Do kwestii obrazu producent podszedł z sercem, gdyż do testowanego modelu trafił matowy ekran Full HD o całkiem przyzwoitych parametrach. Poziom podświetlenia jest wysoki, nie rozczarowuje również kontrast oraz nasycenie kolorów. Filmy, gry czy inne multimedia będą się na nim ładnie prezentować. Nieco słabiej wypadają kąty widzenia, ale pamiętajmy, że nie jest to ekran z IPS na pokładzie.
Matryca
Zakres kolorów
| Szczegółowy pomiar podświetlenia | Kąty widzenia ekranu |
Choć trudno Della 3540 nazwać laptopem ultramobilnym, znajdziemy w nim niskonapięciowy procesor Intel Core i5 4200U. Poprawiło to co prawda kulturę pracy układu chłodzenia i zmniejszyło apetyt notebooka na energię, ale taki CPU nie zapewnia osiągów "zwyczajnych" procesorów.

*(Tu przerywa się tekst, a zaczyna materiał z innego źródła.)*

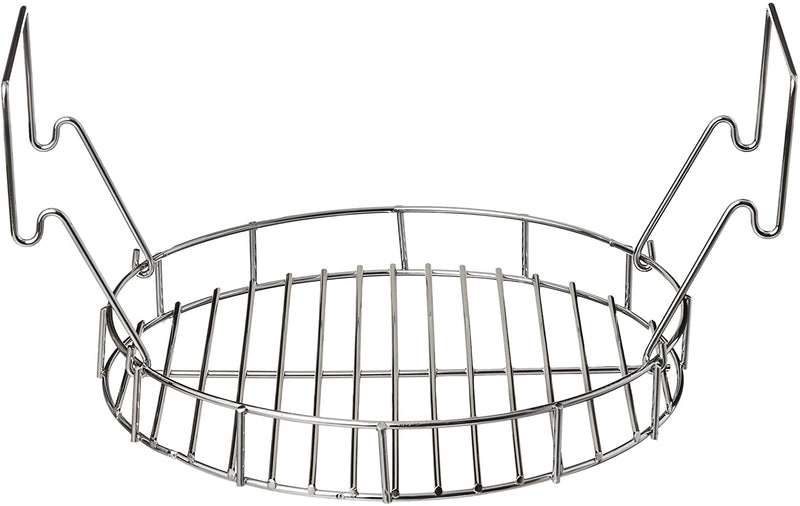 Ranphykx Char-Broil The Big Easy Bunk Bed Basket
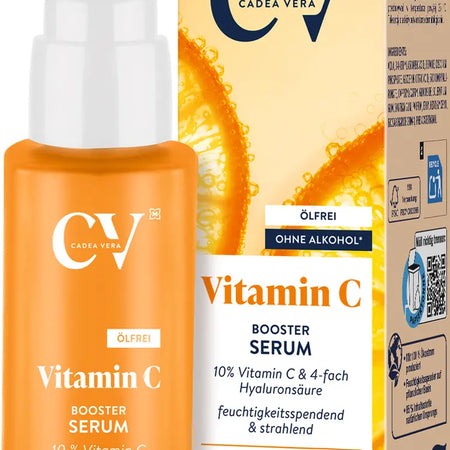 CV Sérum Vitamine C Booster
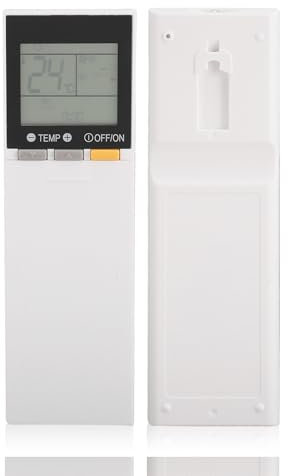 Telecomando Sostitutivo per Climatizzatore Electric Mr Slim per MSZ EF09NAB MSZ EF09NAB U1 MSZ EF09NAS MSZ EF09NAS U1 MSZ EF09NAW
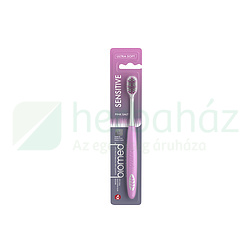 BIOMED PINK FOGKEFE SENSITIVE ULTRA SOFT 1DB
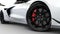 2027 Chevrolet Corvette ZR1 1LZ
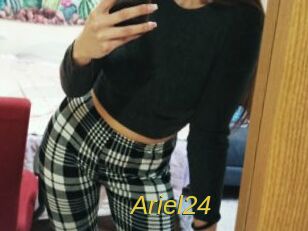 Ariel24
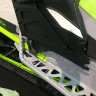 Сиденье второго пассажира для Yamaha Sidewinder, Viper, Apex, Nitro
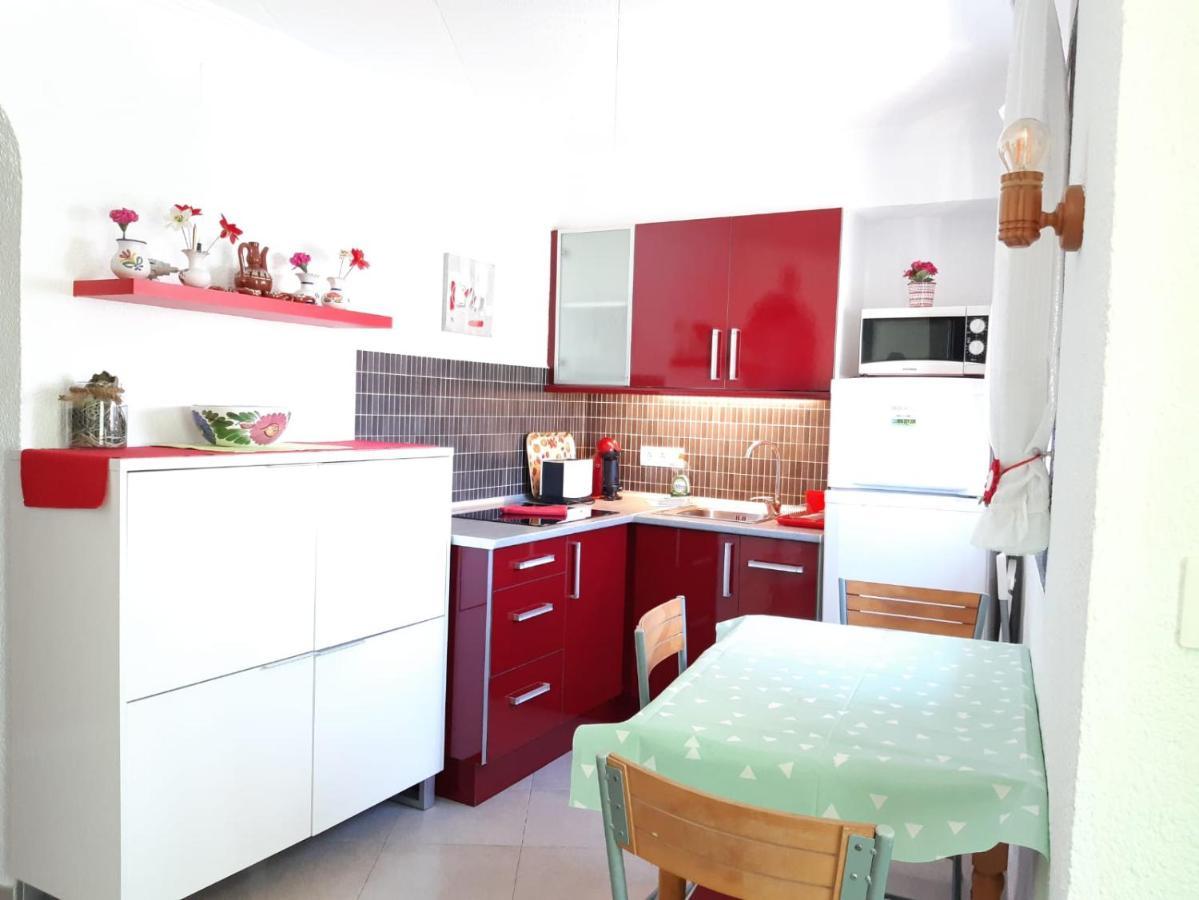 Oasis Park Appartement *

Podczas testów nie zauważyliśmy jednak oznak braku mocy - do naprawdę ambitnych zadań przeznaczone są inne notebooki.
Uroczą wisienką na cyfrowym torcie jest układ graficzny. Radeon HD 8850 bardzo spodoba się graczom - przy ograniczeniu się do rozdzielczości HD możemy liczyć na płynną zabawę z najnowszymi produkcjami, i to w całkiem przyzwoitych ustawieniach graficznych.
Fabrycznie do notebooka trafia talerzowy dysk twardy o pojemności 500 GB. Na początek wystarczy, z czasem warto jednak zastanowić się nad jego wymianą na nośnik SSD lub hybrydowy.
Zacznijmy od kwestii, która przez tydzień testów doprowadziła redakcyjny zespół niemal do obłędu - pisku cewek. Przy obciążonym układzie graficznym, ich cichy a zarazem natarczywy dźwięk wypełniał całą redakcję. Co więcej, jego natężenie oraz częstotliwość zmieniały się wraz z zawartością ekranu, co dodatkowo pogarszało sprawę. Miejmy nadzieję, że ta przypadłość ogranicza się tylko do naszego modelu i nie jest cechą charakterystyczną dla całej serii.
Z chłodzeniem nie ma już takich ekscesów - przy niewielkim obciążeniu sprzęt zachowuje się bardzo dyskretnie. Gdy grafika ruszy do akcji, szum nieco rośnie, ale i tak przegrywa z katowanymi cewkami.
Pod względem temperatury Dell 3540 nie ma się czego wstydzić. Gdy Radeon odpoczywa i w jego zadaniach zastępuje go grafika zintegrowana, temperatura obudowy oscyluje w granicach 30 stopni. Przy maksymalnym wykorzystaniu możliwości laptopa tak bajkowo nie jest i w kilku miejscach temperatura przekroczy 40 stopni - w tym również na środku klawiatury.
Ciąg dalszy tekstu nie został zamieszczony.